Threads has the greatest advantage to getting people to sign up, as it has only one site which accepts an Instagram account as a login. Bluesky also has only one major option for signing up, but has some inherent flexibility in moving your account later on. That said, diving into a few extra setup steps can improve the experience. Finally, one could easily join Mastodon by joining the flagship instance, mastodon.social. However, given the importance of choosing the right instance, you may miss out on some of the benefits of the Fediverse and want to move your account later on. 

Culture

Threads has a reputation for being more brand-focused, with more commercial accounts and celebrities, and Meta has made no secret about their decisions to deemphasize political posts on the platform. Bluesky is often compared to early Twitter, with a casual tone and a focus on engaging with friends. Mastodon draws more people looking for community online, especially around shared interests, and each instance will have distinct norms.

Privacy Considerations

Neither ActivityPub nor AT Protocol currently support private end-to-end encrypted messages at this time, so they should not be used for sensitive information. For all services here, the majority of content on your profile will be accessible from the public web. That said, Mastodon, Threads, and Bluesky differ in how they handle user data.

Mastodon

Everything you do as a user is entrusted to the instance host including posts, interactions, DMs, settings, and more. This means the owner of your instance can access this information, and is responsible for defending it against attackers and law enforcement. Tech-savvy people may choose to self-host, but users generally need to find an instance run by someone they trust.

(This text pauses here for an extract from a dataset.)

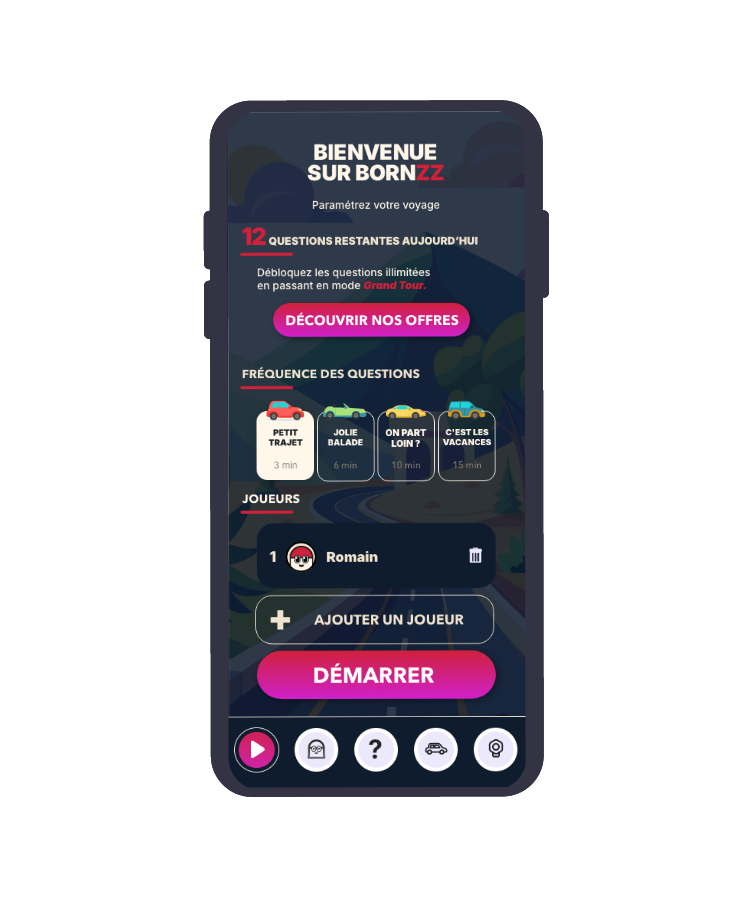 Écran d’accueil Bornzz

The Fediverse muffles content sharing through a myriad of permissions set by users and instances. If your instance blocks a poorly moderated instance for example, the people on that other site will no longer be in your timelines nor able to follow your posts. You can also limit how messages are shared to further reduce the intended audience. While this can create a sense of community and closeness,  remember it is still public and instance hosts are always part of the equation. Direct messages, for example, will be accessible to your host and the host of the recipient.

If content needs to be changed or deleted after being shared, your instance can request these changes, and this is often honored. That said, once something is shared to the network, it may be difficult to “undo.”

Threads

All user content is entrusted to one host, in this case Meta, with a privacy policy similar to Instagram. Meta determines when information is shared with law enforcement, how it is used for advertising, how well protected it is from a breach, and so on.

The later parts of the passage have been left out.